А это значит, что шуток не будет, совсем не будет.
Что же касается Тимура…. Это имя первым пришло мне в голову, когда я чуть ли не на себе тащил Жюстина от причала к лекарю. Подъем очень крутой и селение было расположено на само его верху. Вероятно, река в сезон дождей поднимается очень высоко, поскольку на самом берегу были только причалы да несколько строений самого временного вида.
Не Жюстином же его называть, в конце то концов.
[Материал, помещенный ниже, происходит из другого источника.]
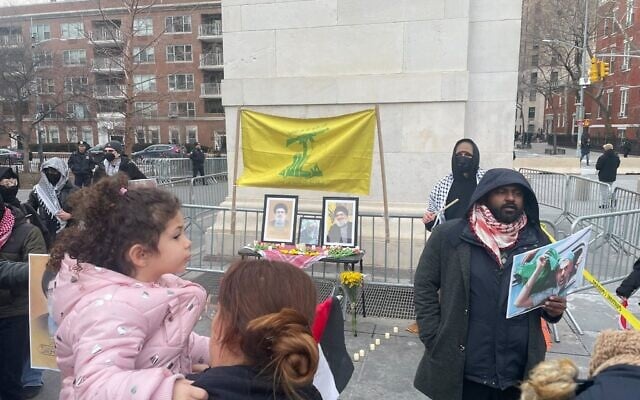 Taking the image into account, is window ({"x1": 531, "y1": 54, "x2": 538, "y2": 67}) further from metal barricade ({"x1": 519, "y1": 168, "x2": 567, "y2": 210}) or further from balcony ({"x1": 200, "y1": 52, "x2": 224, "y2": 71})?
metal barricade ({"x1": 519, "y1": 168, "x2": 567, "y2": 210})

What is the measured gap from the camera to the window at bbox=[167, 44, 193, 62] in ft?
165

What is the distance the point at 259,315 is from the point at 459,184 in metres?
3.82

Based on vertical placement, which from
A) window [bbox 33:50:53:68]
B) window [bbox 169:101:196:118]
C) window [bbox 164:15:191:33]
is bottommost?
window [bbox 169:101:196:118]

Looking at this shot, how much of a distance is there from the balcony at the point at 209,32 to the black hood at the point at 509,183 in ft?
166

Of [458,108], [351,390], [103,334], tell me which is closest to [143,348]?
[103,334]

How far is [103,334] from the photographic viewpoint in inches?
54.7

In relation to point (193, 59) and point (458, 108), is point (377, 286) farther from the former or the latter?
point (193, 59)

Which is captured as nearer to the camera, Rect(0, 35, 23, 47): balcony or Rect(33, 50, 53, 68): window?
Rect(33, 50, 53, 68): window

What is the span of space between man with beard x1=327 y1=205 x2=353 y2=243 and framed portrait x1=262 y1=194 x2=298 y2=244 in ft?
1.65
Ведь в таком случае получается то, что даже он успел выучить — палево.
Когда Жюстин спросил, кто такой Тимур я ответил, что был такой знаменитый полководец, завоевавший полмира. Его еще Железным Хромцом называли. После этого Жюстин покосился на меня, но не сказал ничего. Я же в очередной раз поздравил себя с превосходным чувством такта…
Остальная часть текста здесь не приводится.